§ **Records from a data source**

_____

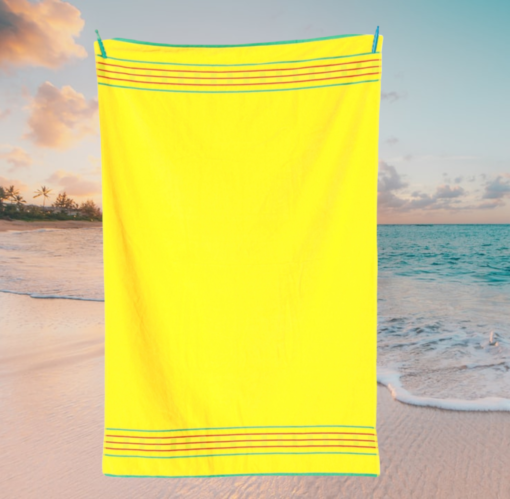 Beach Towels Arabella Yellow Large Luxury Velour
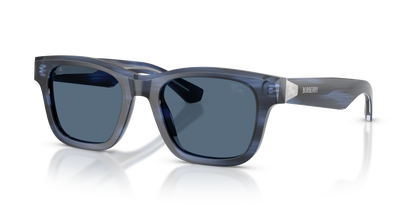 Burberry BE4504 Sunglasses in 425580 Striped Blue / Dark Blue lens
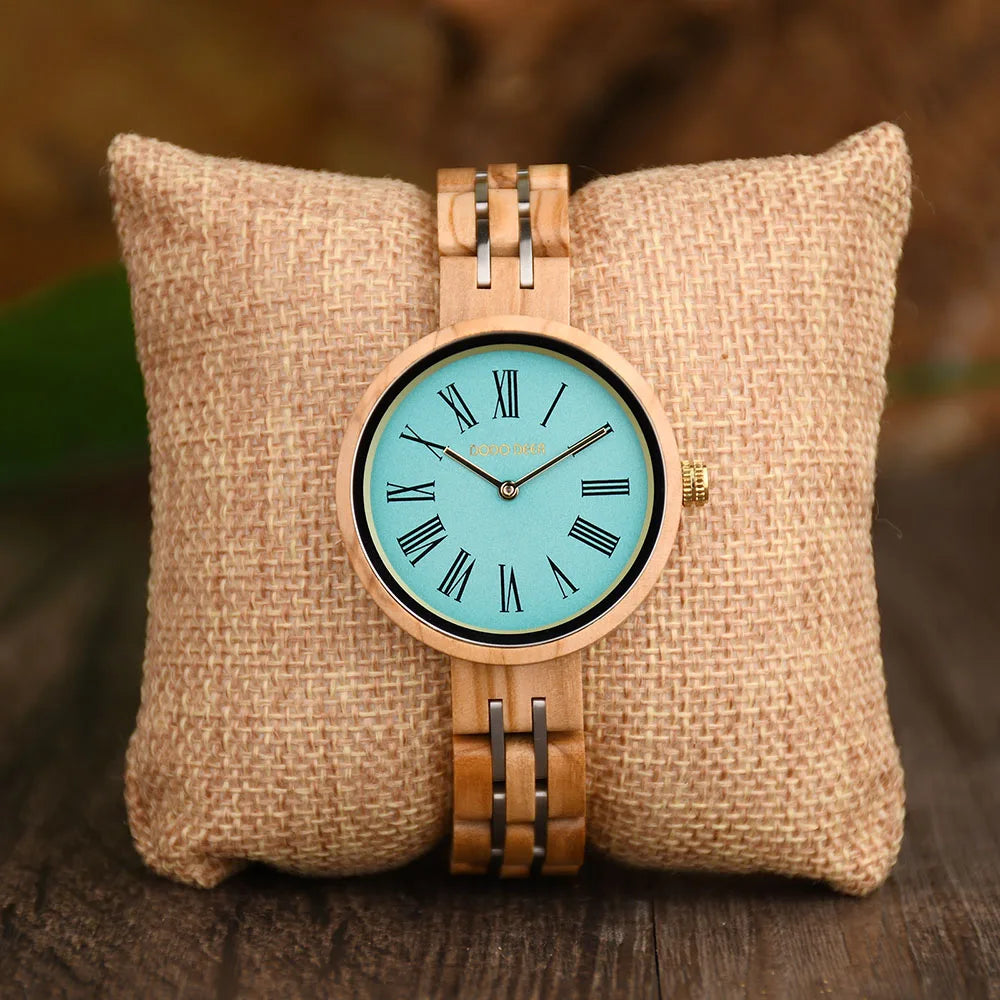 Stylish Ladies Wooden Watches - Round Face With Analog Display And Quartz Movement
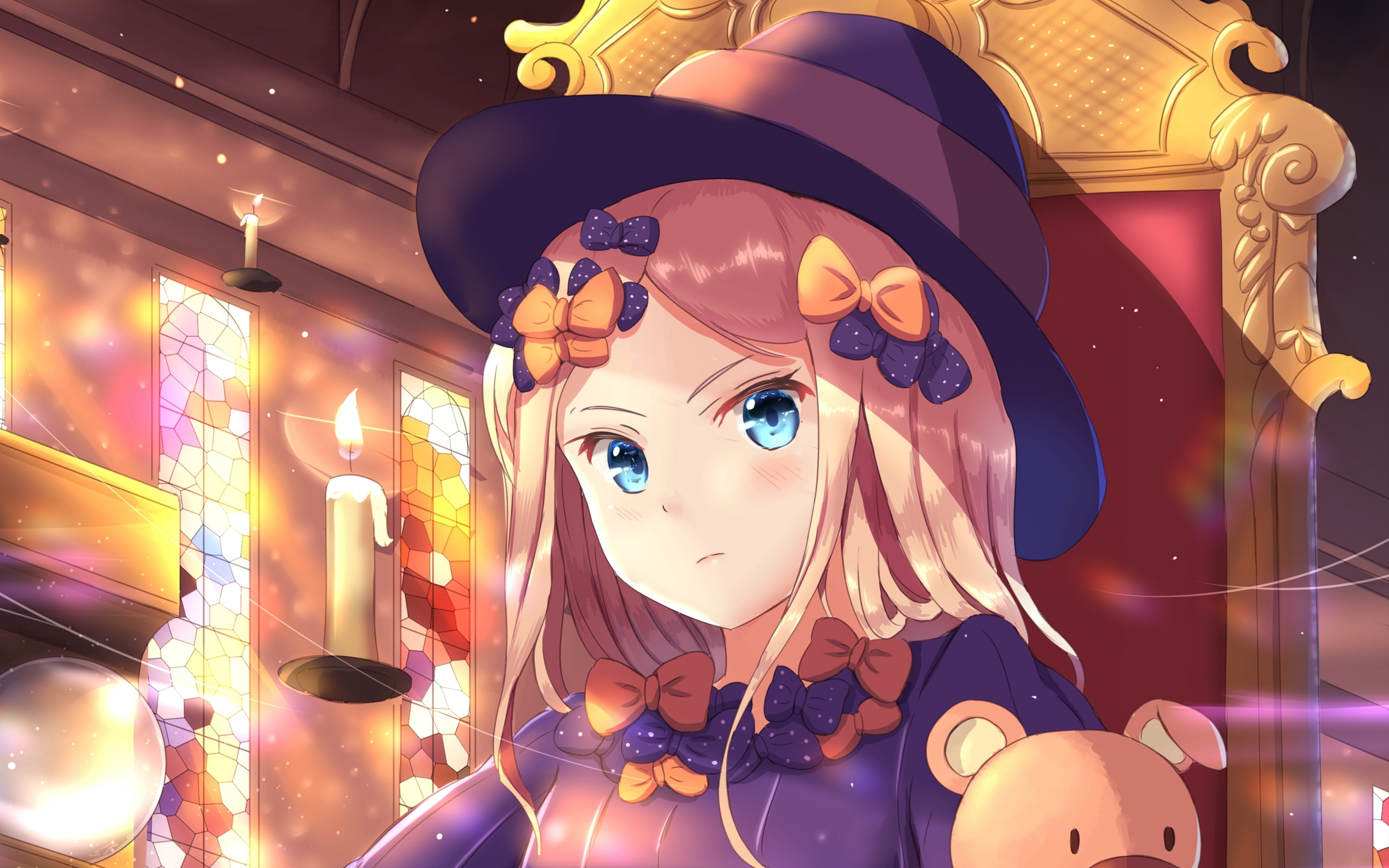 Fate series, anime girl, blue eyes, beautiful, 2880x1800 wallpaper
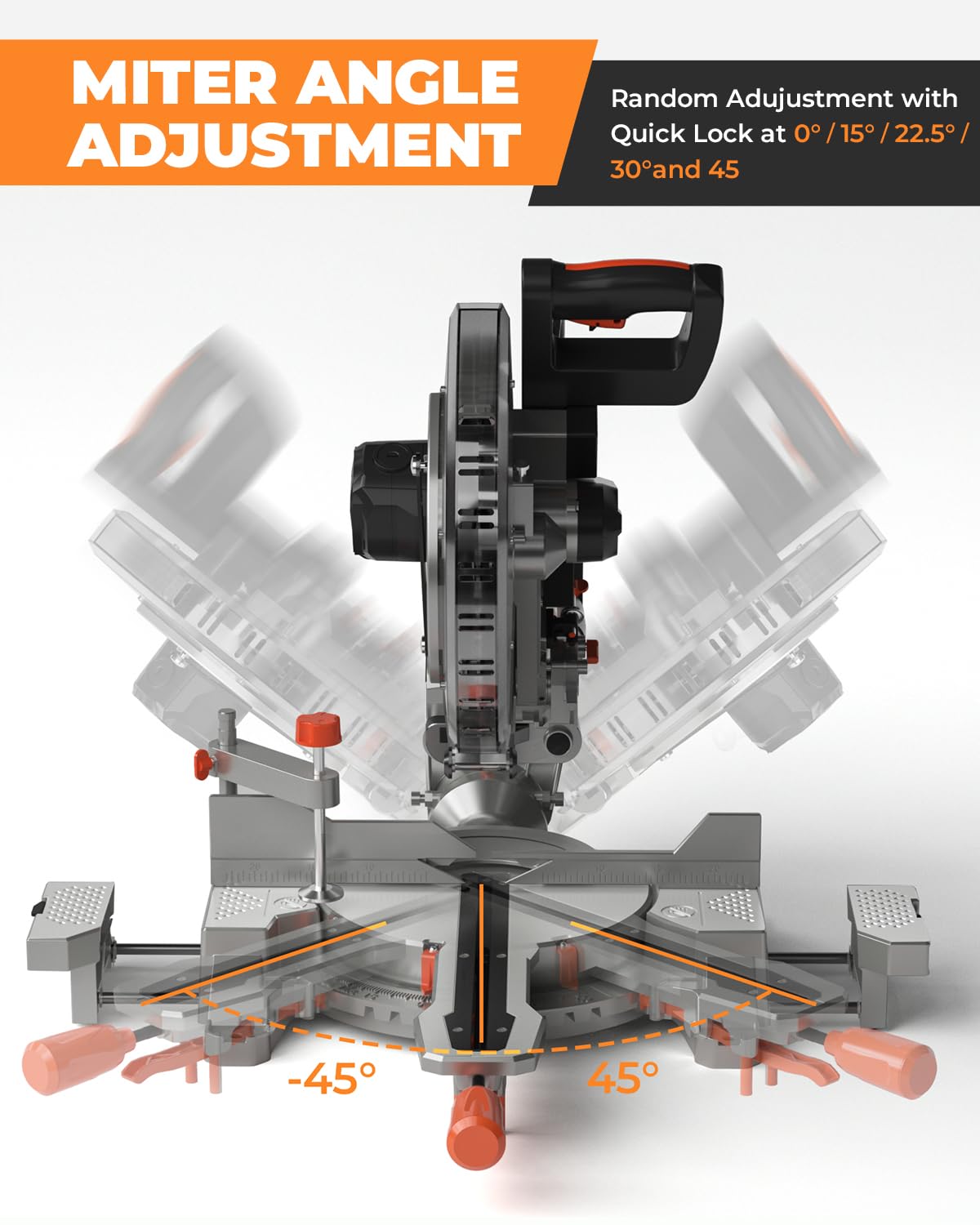 DWT Sliding Miter Saw, 12-inch Compound Miter Saw with Double Bevel Cutting(-45°/0°/+45°)/Laser Guide/9 Positive Stops/3800RPM, 15Amp Miter Saw with - WoodArtSupply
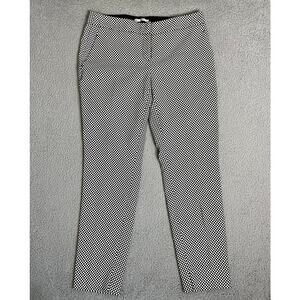 Dalia Collection Pants 6 Small Check Slim Leg Stretch Knit Low Rise Black White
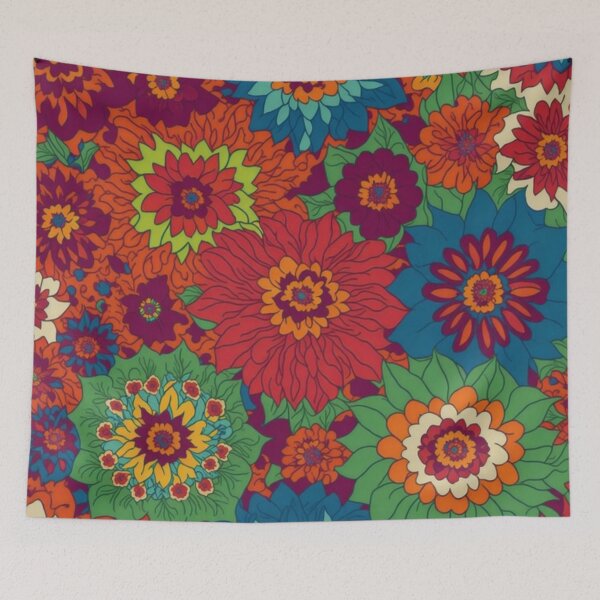 Item preview, Flower Power Colourful Flower Pattern designed and sold by druidwolfart.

_____

§ **Work task**
All lines above must be repeated exactly, and the pictures must be omitted.

§ **Task solution**
 Beach Towels Arabella Yellow Large Luxury Velour
 Burberry BE4504 Sunglasses in 425580 Striped Blue / Dark Blue lens
 Stylish Ladies Wooden Watches - Round Face With Analog Display And Quartz Movement
 Fate series, anime girl, blue eyes, beautiful, 2880x1800 wallpaper
 DWT Sliding Miter Saw, 12-inch Compound Miter Saw with Double Bevel Cutting(-45°/0°/+45°)/Laser Guide/9 Positive Stops/3800RPM, 15Amp Miter Saw with - WoodArtSupply
 Dalia Collection Pants 6 Small Check Slim Leg Stretch Knit Low Rise Black White
 Item preview, Flower Power Colourful Flower Pattern designed and sold by druidwolfart.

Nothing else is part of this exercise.